With access to this root Trust Anchor, it would be possible to re-sign the DNS tree and tamper with the content of DNS records on any domain, implementing a man-in-the-middle DNS attack… without causing recursors and resolvers to consider the data invalid.
As explained in this blog the key is very well protected with eye scanners and fingerprint readers and fire-breathing dragons patrolling the gate (okay, maybe not dragons). Operationally though, the root zone uses two different keys, the mentioned Trust Anchor key (that is called the Key Signing Key or KSK for short) and the Zone Signing Key (ZSK).
The ZSK (Zone Signing Key) is used to generate signatures for all of the Resource Records (RRs) in a zone.
You can query for the DNSSEC signature (the RRSIG record) of “www.cloudflare.com” using your friendly dig command.
$ dig www.cloudflare.com +dnssec
;; QUESTION SECTION: ;www.cloudflare.com. IN A ;; ANSWER SECTION: www.cloudflare.com. 4 IN A 188.8.131.52 www.cloudflare.com. 4 IN A 184.108.40.206 www.cloudflare.com. 4 IN RRSIG A 13 3 5 20180207170906 20180205150906 35273 cloudflare.com. 4W4mJXJRnd/wHnDyNo5minGvZY6hVNSXITnUI+pO6fzhnkpsEp1ko8K7 1PQ6r0s9SwLgrgfneqXyPs4b5X0YDw==
The two A records shown here can be cryptographically verified using the RRSIG and ZSK in the zone. The ZSK can itself be verified using the KSK, and so on… this continues upwards following the “chain of trust” until the root KSK is found.
The http://dnsviz.net/ tool can be used to help visualize how this verification can be done for any domain on the internet, for example here is the trust chain for “www.cloudflare.com”.
To verify the RRSIG on “www.cloudflare.com” we would need to cryptographically verify the signatures in reverse order on the diagram. First “cloudflare.com”, then “com”, and finally “.” – the root zone.
If you are able to access the secret key that’s used to sign the root, it’s possible to trick resolvers into verifying a "forged" answer.
While this DNSSEC signing has been deployed on the root zone, for over seven years, there is one operation that has never been attempted: rolling the Key Signing Key. This means to generate a new key and update every part of DNS infrastructure on the internet that needs it, retiring the old one completely.
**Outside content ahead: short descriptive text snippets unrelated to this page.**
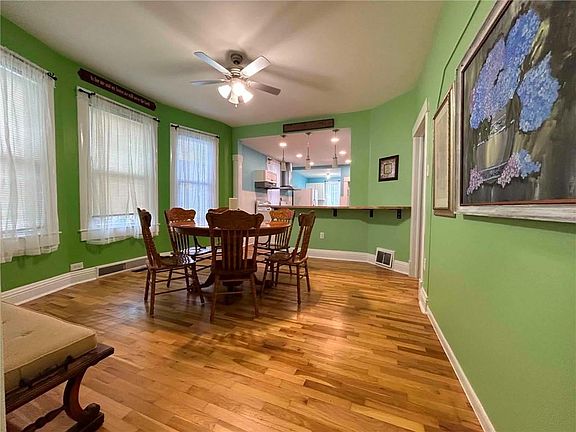 5th image of 2922 Sacramento St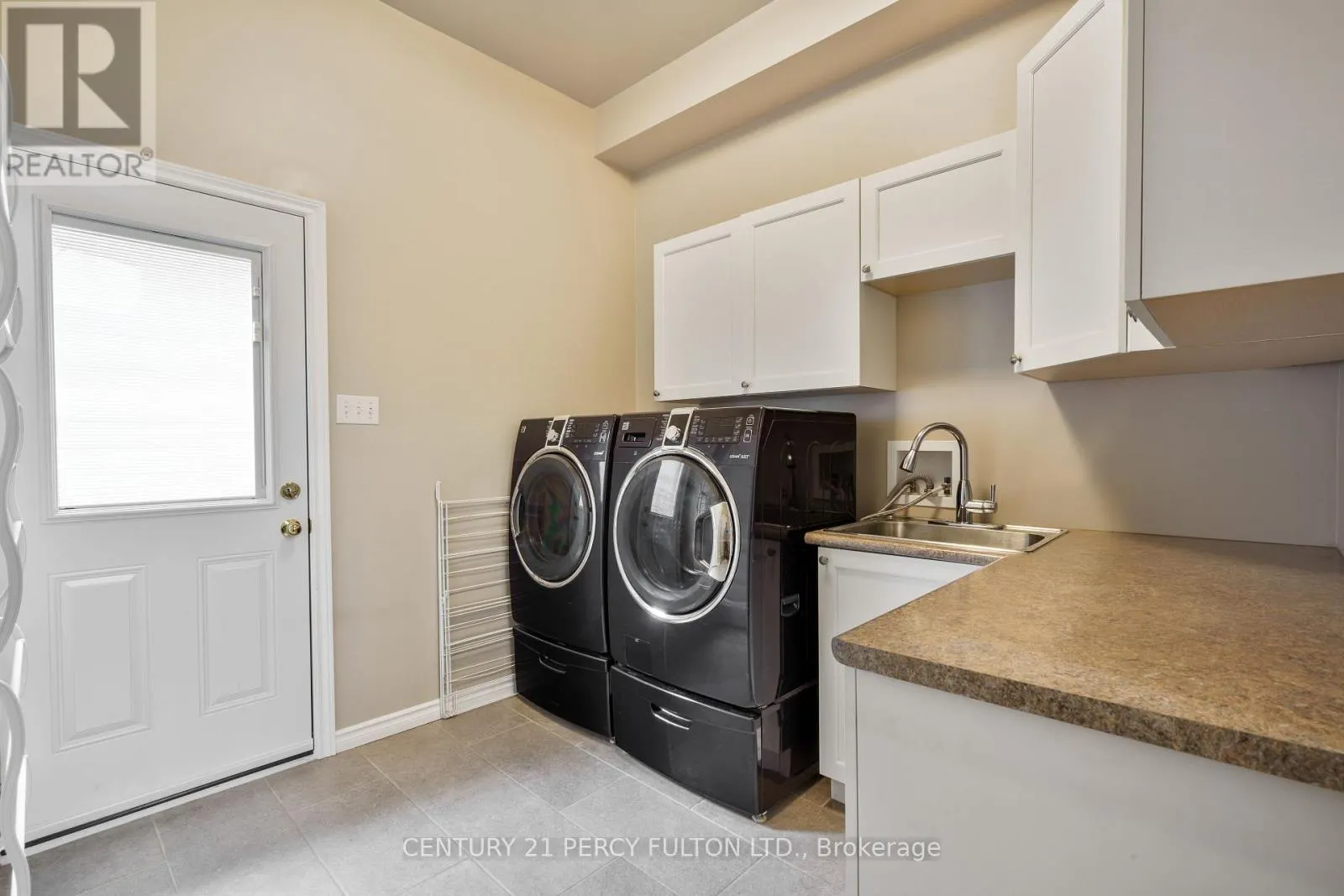 54 CITYVIEW CIRCLE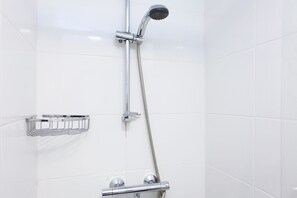 Shower, hair dryer, towels, soap - Central Brighton 2-Bed Flat by Shops, Cafés, Beach (Brighton and Hove)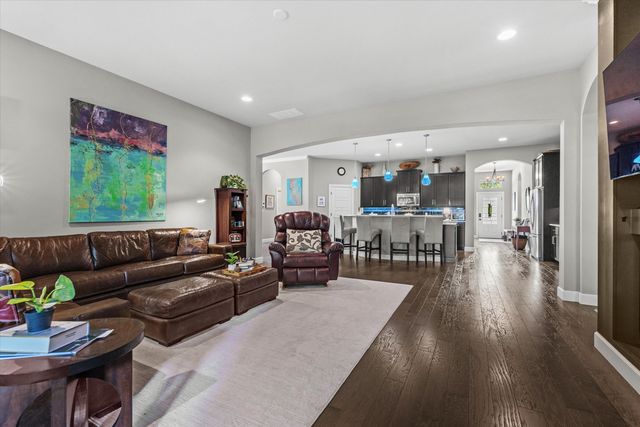 2708 BRISTOL LAKE DR, Columbia, MO 65201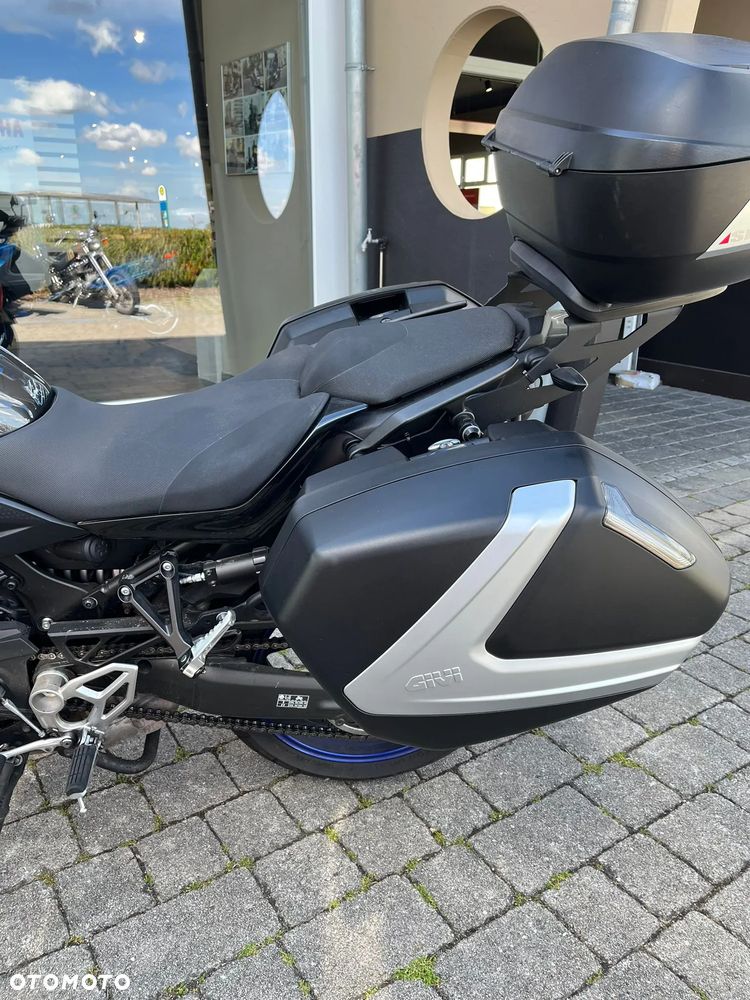 Yamaha NIKEN - 4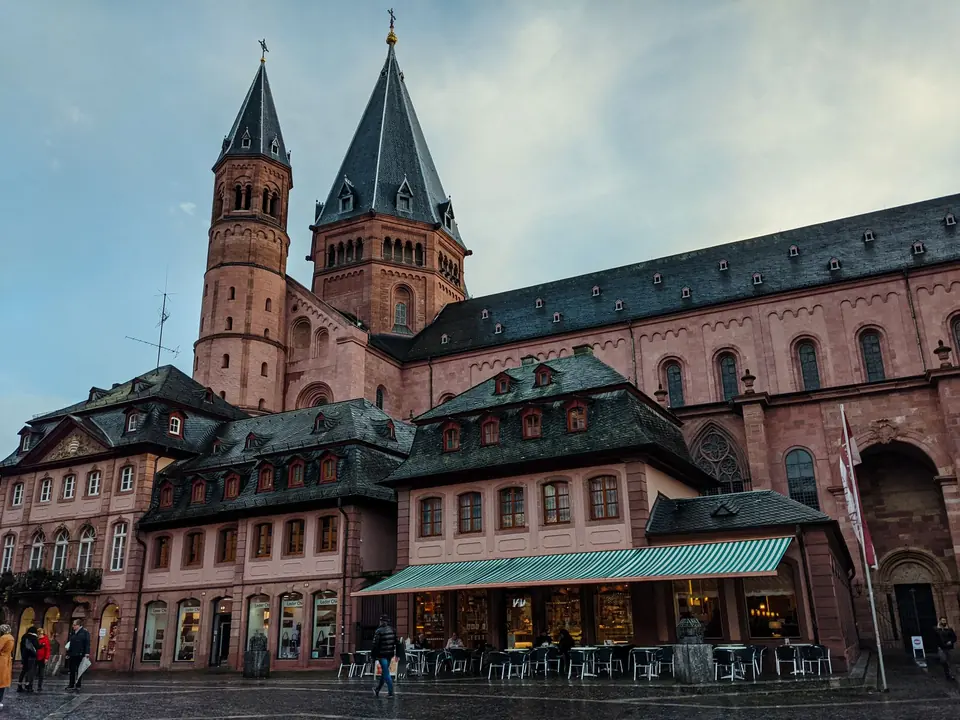 Malersicher Blick auf die Fassade des Mainzer Doms und den angrenzenden Platz in Deutschland, der seinen architektonischen Charme einfängt.
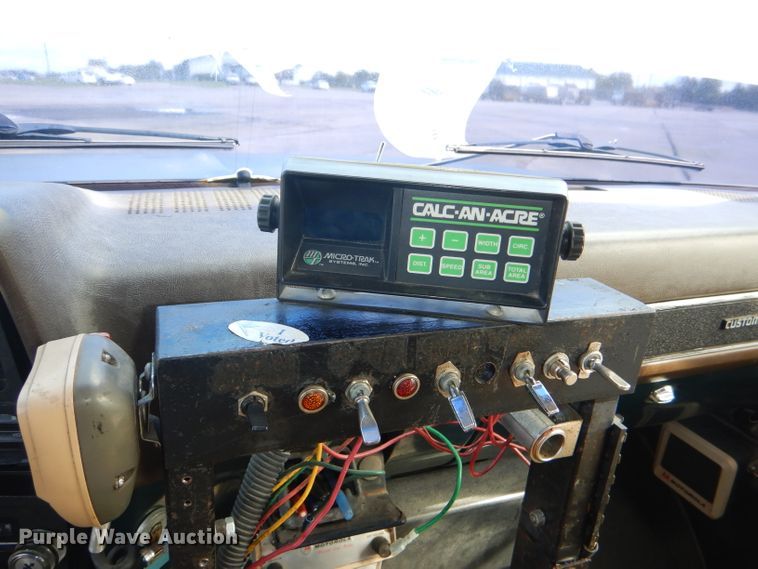 image for item DG4941 1982 Chevrolet C70 flatbed truck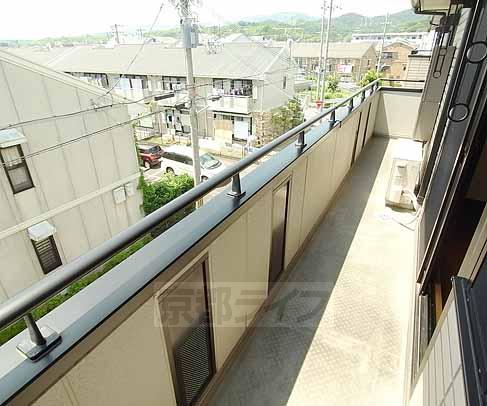 バルコニー　日当たりの良い広々バルコニー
The ZSK (Zone Signing Key) has been rolled religiously every quarter since 2010, however rolling the Key Signing Key is a much scarier operation. If it goes wrong it could leave the root zone signing invalid, meaning a large part of the internet would not trust any of the content, effectively knocking DNS offline for validating resolvers. After DNSSEC was designed, a mechanism was devised for rolling out a new Key Signing Key in RFC5011, this operation is commonly known as the 5011 roll-over.
What is a KEY rollover?
All cryptographic keys have a life cycle that can represented by states:
Generated == the key is created but only the “owner” knows of its properties.
Published == the key has been made public either as a public key or a hash of it.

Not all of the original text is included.